Meine bisherigen Lösungen zur Trennung von beruflicher und privater Telekommunikation bestanden in der Nutzung eines zweiten, getrennten Gerätes mit eigener SIM-Karte. Will man kein zweites Smartphone mit sich herumschleppen oder zusätzliche Kosten in Kauf nehmen, kann man unter gewissen Umständen auch das Dienst-iPad als “dienstliches” Telefon nutzen. Möglich wird dies durch den Dienst bzw. “Satellite” von sipgate (https://www.satellite.me/). Mit dieser App bzw. diesem Dienst kann man aus dem iPad ein Mobiltelefon machen. Man erhält durch den Dienstleister eine echte Mobilfunknummer, unter man einerseits angerufen werden kann, andererseits aber auch selbst Gespräche führen kann. Die App an sich ist kostenlos, es kann jedoch ein kostenpflichter Dienst dazugebucht werden. In der kostenfreien Variante können pro Monat 100 Freiminuten vertelefoniert werden. In der kostenpflichtigen Version, die monatlich 5€ kostet, kann unbegrenzt telefoniert werden. Zudem können Erreichbarkeitsprofile angelegt werden und dadurch gezielt “Auszeiten” festgelegt werden. Anrufen werden dann automatisch an die Mailbox geleitet werden. SMS können bei beiden Tarifen nicht verschickt oder empfangen werden. Sofern sich das iPad in einem WLAN befindet, ist man über eine individuelle Mobilnummer erreichbar und kann selbst telefonieren. Sofern man das WLAN verlässt oder das iPad ausschaltet, endet auch die Erreichbarkeit. Telefonieren mit dem iPad geht bei dieser Lösungen natürlich immer nur im Freisprechmodus oder mit einem Headset - für vertrauliche Gespräche oder die Nutzung im Lehrerzimmer ist diese Variante daher nur bedingt geeignet.
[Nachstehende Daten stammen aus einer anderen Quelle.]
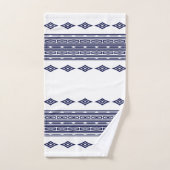 Tribbypatroon van Navy Blue en White Aztec Bad Handdoek (Handdoek)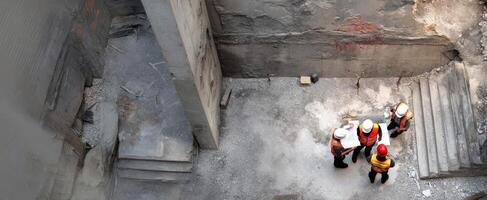 The construction workers assess plans in a building site excavation. photo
Im folgenden Video erläutere ich die Installation und Ersteinrichtung der App:

Fazit (tldr)

Die Trennung von beruflicher und privater Erreichbarkeit ist möglich - aber ggf. mit privat zu tragenden Kosten verbunden. Mit Hilfe alternativer Betriebssysteme kann hierbei noch ein besonderer Augenmerk auf Datenschutz gelegt werden. Günstiger geht es mit dem kostenlosen Dienst satellite, der aus dem Dienst-iPad ein (fast) vollwertiges Telefon machen kann.